Lower Green Monument
First Settlers Monument at the Lower Green
On Saturday, June 17, 1905, a new monument was unveiled on the Lower Green, honoring the memory of the early settlers of Newbury. Elizabeth L. Withington is credited with the success of the venture, as she wrote letters and engaged the interest of descendants. The design on top of the granite-based monument is a bronze replica of the Mary and John under full sail, originally executed by the Woodland Foundry. The Mary and John was the ship on which early settlers of Newbury made the voyage from England across the Atlantic.
In the fall of 1974, the unthinkable happened. The bronze replica of the ship had been stolen from atop the monument during the night. The replica weighed over 150 pounds, but evidently there was never a concern for its safety - it had been placed on the base in 1905 with no bond to the granite!
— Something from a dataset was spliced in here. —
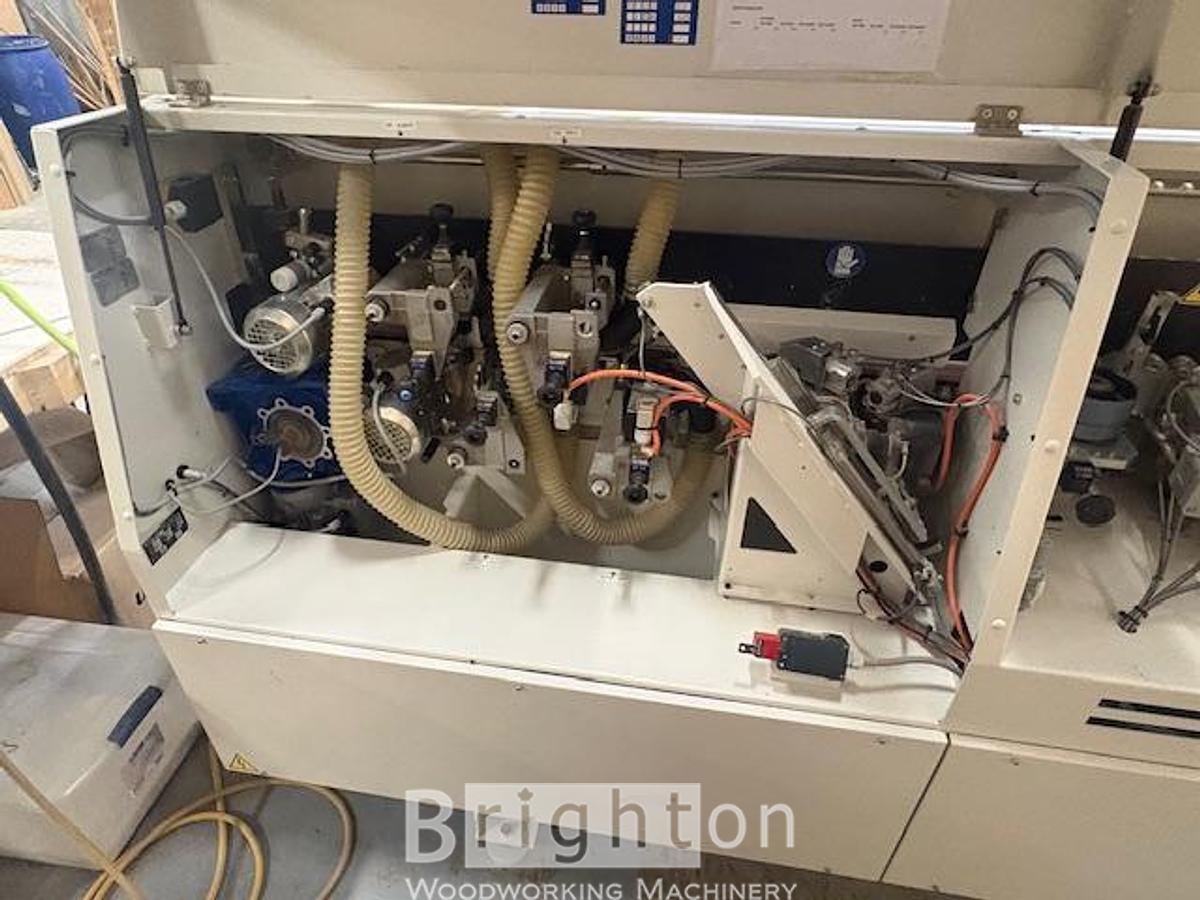 Used 2014 SCM K230 used edgebander with premilling #BBM2855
Burt Noyes, an active society member, spent the next year leading a campaign to restore the bronze ship and have it secured permanently to the monument. The design and bronze work, following the original, were completed at the Paul King Foundry of Johnston, Rhode Island. The monument was rededicated August 28, 1976.
Names on the Monument
It is important to note that the names listed on the back side of the monument are not the only first settlers of the town. One will note the wording above the names: Descendants of these first settlers erected this monument. We can assume that the later descendants of those listed on the monument were the ones who contributed funds toward the erection of the monument in the early 1900s. The monument itself is dedicated "to the men and women who settled in Newbury from 1635 to 1650 and founded its municipal, social, and religious life."